Aim of the exercise.
No pictures in the copy. Write out the listing below exactly.

Data section.
───

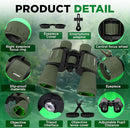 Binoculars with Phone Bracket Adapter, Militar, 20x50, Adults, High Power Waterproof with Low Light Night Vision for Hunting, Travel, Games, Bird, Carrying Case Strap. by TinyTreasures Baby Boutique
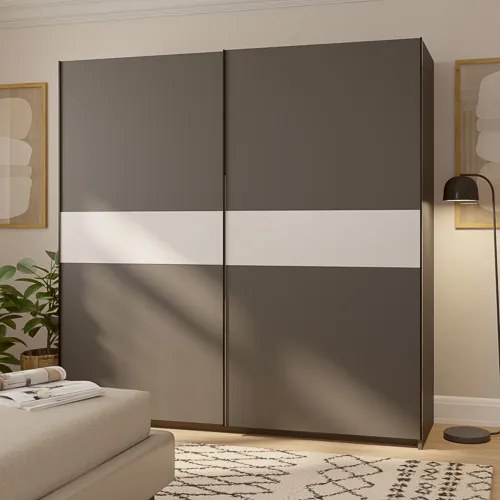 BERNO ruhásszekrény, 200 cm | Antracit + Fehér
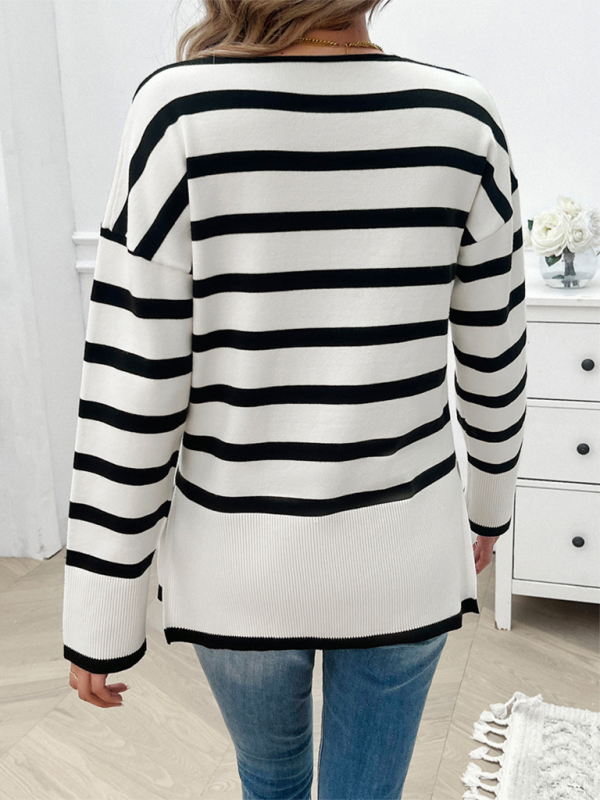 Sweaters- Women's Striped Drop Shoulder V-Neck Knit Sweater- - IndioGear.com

───

Written answer.
 Binoculars with Phone Bracket Adapter, Militar, 20x50, Adults, High Power Waterproof with Low Light Night Vision for Hunting, Travel, Games, Bird, Carrying Case Strap. by TinyTreasures Baby Boutique
 BERNO ruhásszekrény, 200 cm | Antracit + Fehér
 Sweaters- Women's Striped Drop Shoulder V-Neck Knit Sweater- - IndioGear.com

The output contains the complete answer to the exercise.